銀色のカプセルが不気味に直立している。同じようなものを上の層でも見た覚えがあったが、周囲に備え付けられた機器がより多く、複雑だ。
“特殊バリア装置”
備え付けの端末にはそう表示されており、細かい文字で説明文も付随している。
(うーん…独自の専門用語かしら…読めない部分が多いわね)
それでも内容が気になり、あたしは分かる部分だけでも読み進めることにした。
(装置を使うと身を守るバリアを張れるようになるのは他と同じみたい。でも…)
次に書いてある文字に下腹部が自然と反応する。
卵子の受精能を上昇させる作用あり
副作用としてはあまりに唐突過ぎる内容に目を疑う。けれど、あたしがこの施設で見受けた事象の数々を考えたら、あり得ない話ではないかもしれないと思えてしまう。

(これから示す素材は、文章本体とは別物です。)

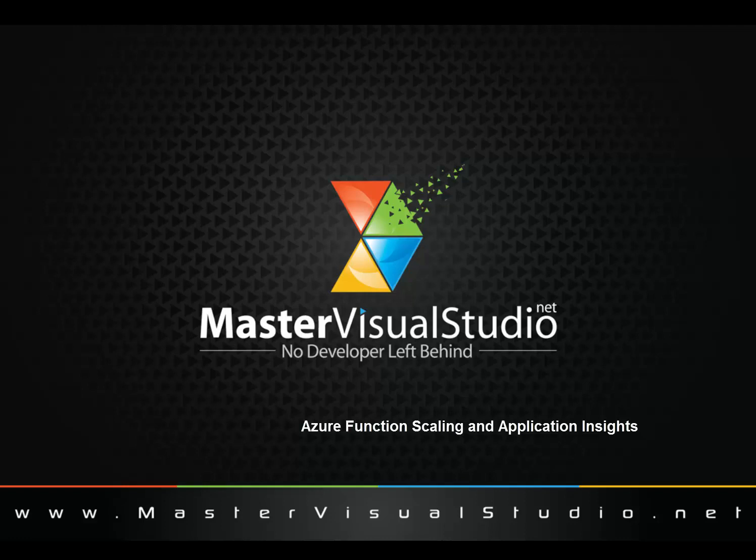Hi and welcome to another edition of mastervisualstudio.net. This is Jeff Daniels and today we're going to be following up on what we did in a previous video called getting started with Azure HTTP functions.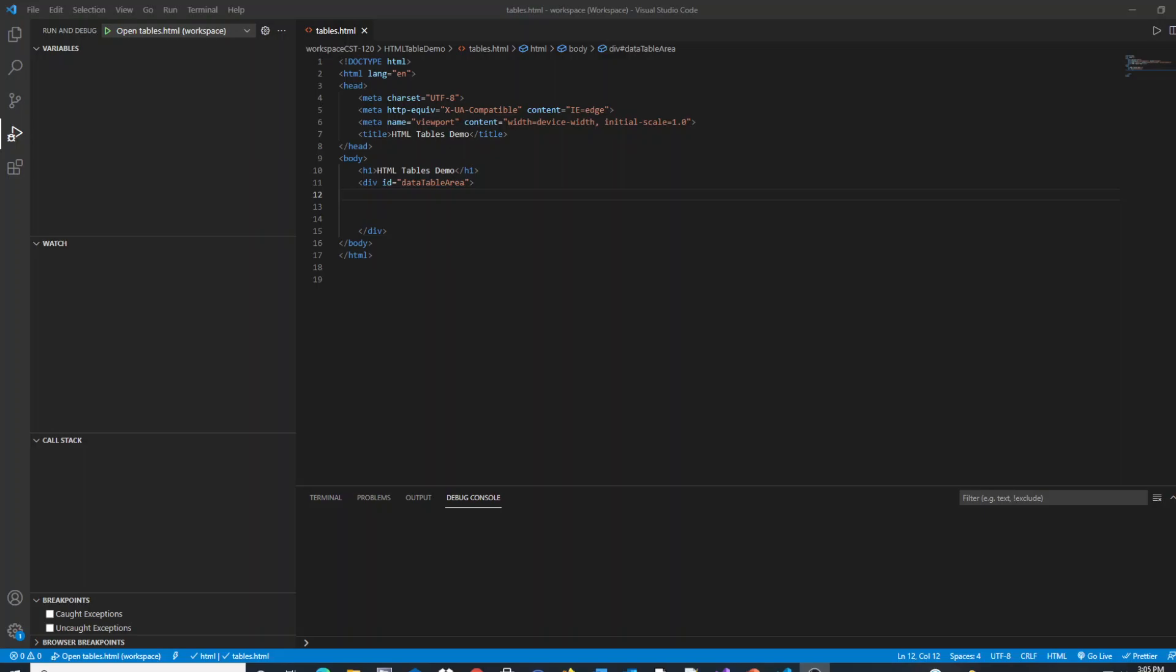This is a brief demonstration on how to create tables with HTML5. In front of me I have VS Code and I have a starter HTML5 page all set up to create my HTML5 tables demonstration.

(複数の精子を同時に受精…っ。そんなことになったら…!)
普通、卵子が一度に受精できる精子は一つのみ。専門家ではないあたしでもそれくらい当然知っている。もし、複数の精子が受精すれば、正常な胎児が生まれることはないことも。
(いや…違うの…想像してなんかないから!)
思わず下腹部を押さえる右手に力がこもる。ビキニアーマーで無防備になった腹部がキュンっと疼き始めた。
異常な胎児を身ごもる恐怖。一つの卵子に多量の精子が殺到し、複数同時に受精させられていく様。胎内で異常児が育っていって…。
「イヤァァァ!」
脳裏に浮かぶ最悪なシーンに悲鳴が漏れる。震え出した身を抱いて、あたしは何とか意識を保つ。

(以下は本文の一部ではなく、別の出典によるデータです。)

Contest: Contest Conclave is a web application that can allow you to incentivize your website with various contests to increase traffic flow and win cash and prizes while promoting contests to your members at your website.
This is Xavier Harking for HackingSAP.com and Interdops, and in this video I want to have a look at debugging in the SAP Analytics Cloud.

(えっと、文章の続きは…厳密には卵子を改良するための装置?! バリアはあくまで副作用って…なによこれ!)
読み取れたのはあまりに残酷な内容だった。
本来この装置は女性の卵子を強制的に改良するために作られたものらしい。バリア効果が発現したのは副作用でしかない。逆ならまだ理解できなくもなかったけれど…。
「最低の装置ね…!」
そう言い捨てたあたしの子宮にゾクゾクとした違和感が迸る。
女性の部分が本能的に危険を訴え、今すぐこの装置から離れるべきと警鐘を鳴らしているのだ。しかし、なぜか鼓動は不気味な期待感でドキドキと激しく揺れている。
(…今はもうバリアがあるわけだし、当分使うことはなさそうね)
さしあたって装置を使う必要がないことに気づき、あたしは安堵のため息をはく。
使う気はないが念のために、と装置の場所だけ記憶して、この場から離れることにした。